Work required:
Retype, word for word, only the lines from the one containing "1920-UK-Penny?-Grade?-Value?-Collectable?" through the last line of the listing below. Pictures do not belong in the result.

━━━━━ Information provided ━━━━━

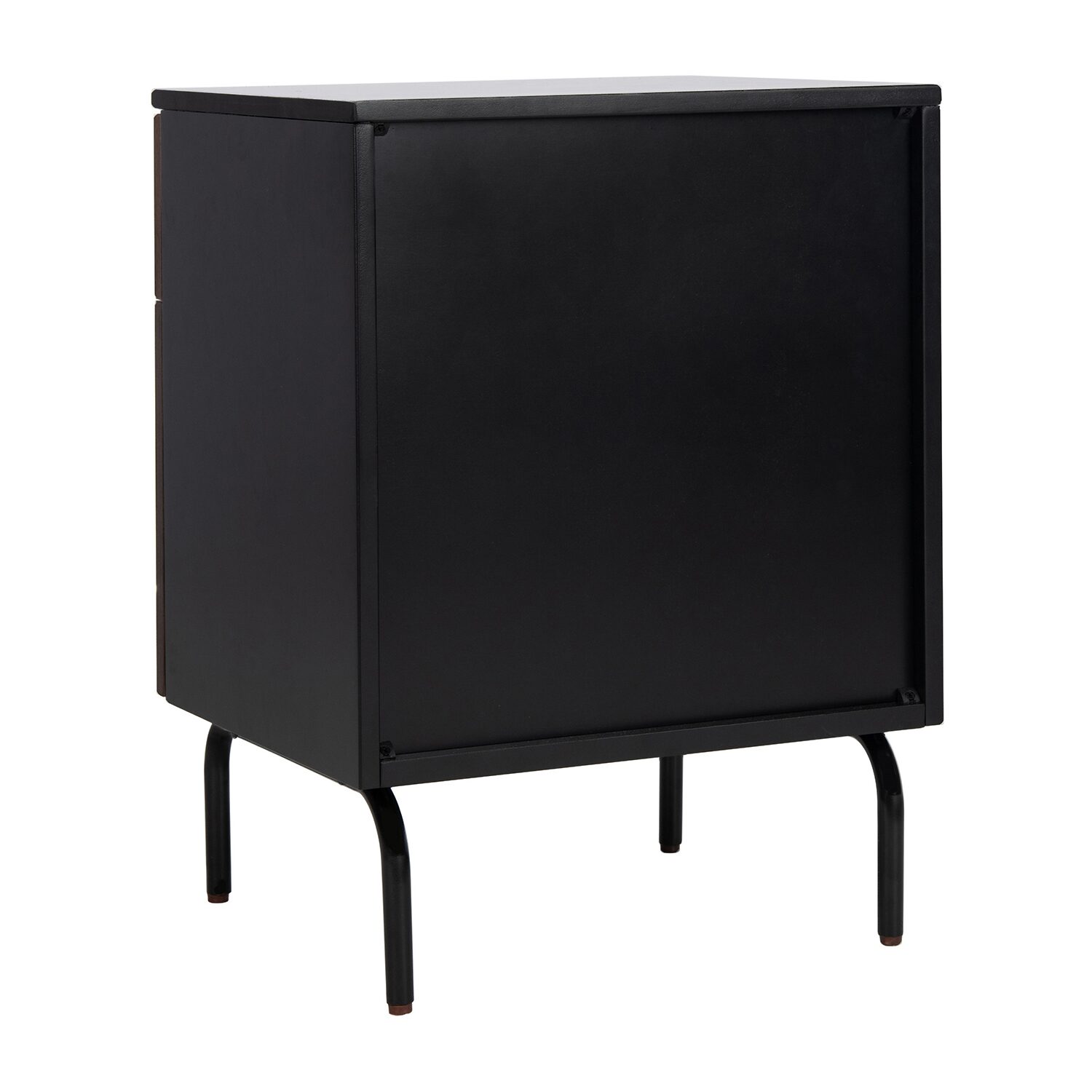 Safavieh Genevieve 2-Drawer Nightstand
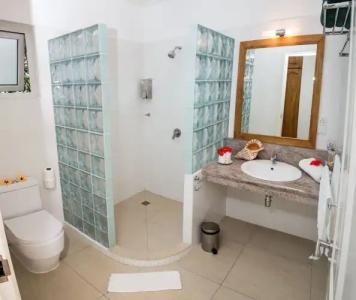 Marie Laure Suites - 7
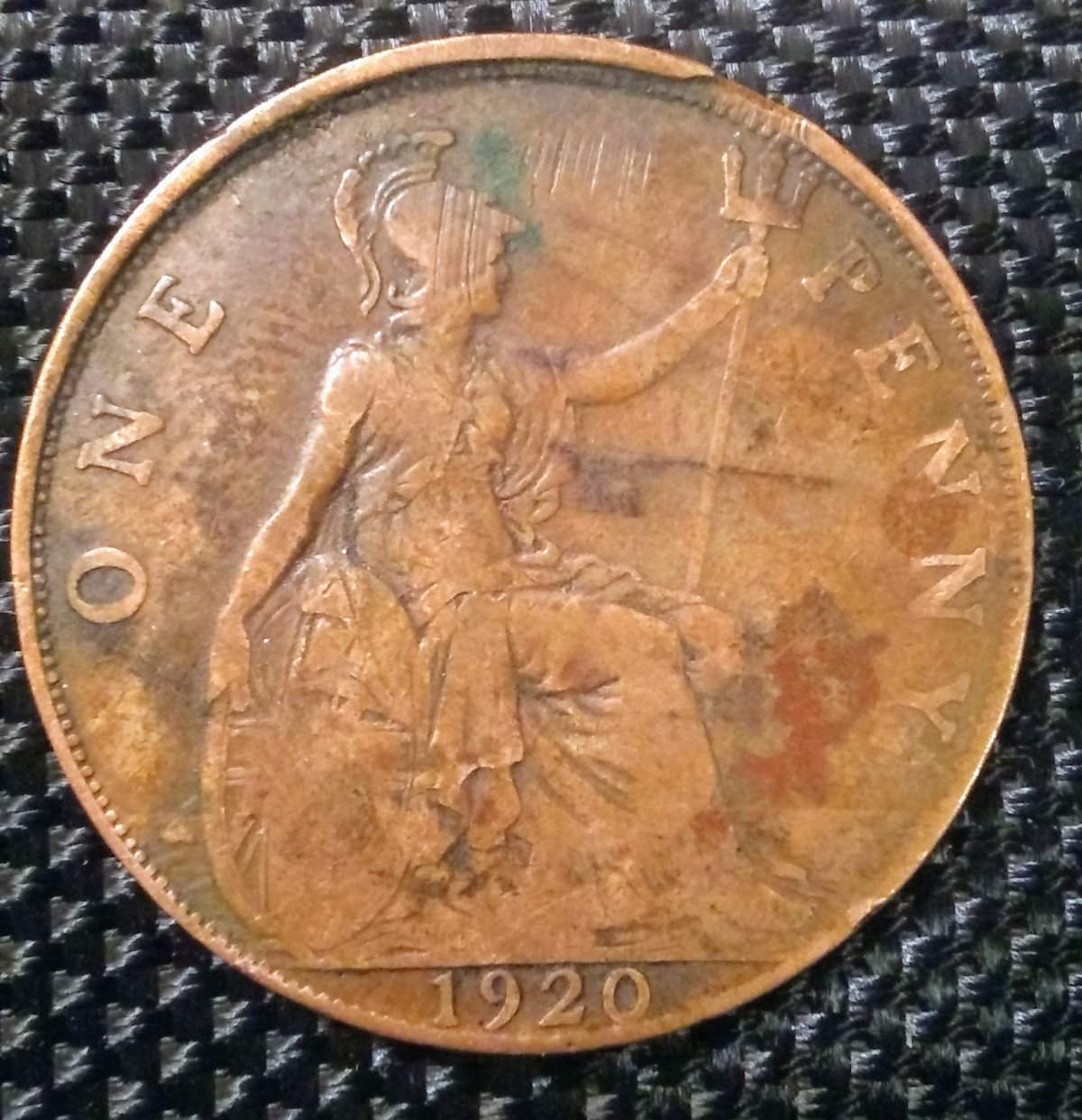 1920-UK-Penny?-Grade?-Value?-Collectable?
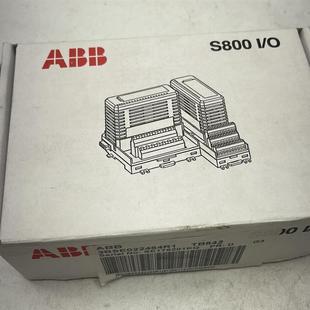 议价全新原装 DCS模块DI821Z ABB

━━━━━

Written solution:
 1920-UK-Penny?-Grade?-Value?-Collectable?
 议价全新原装 DCS模块DI821Z ABB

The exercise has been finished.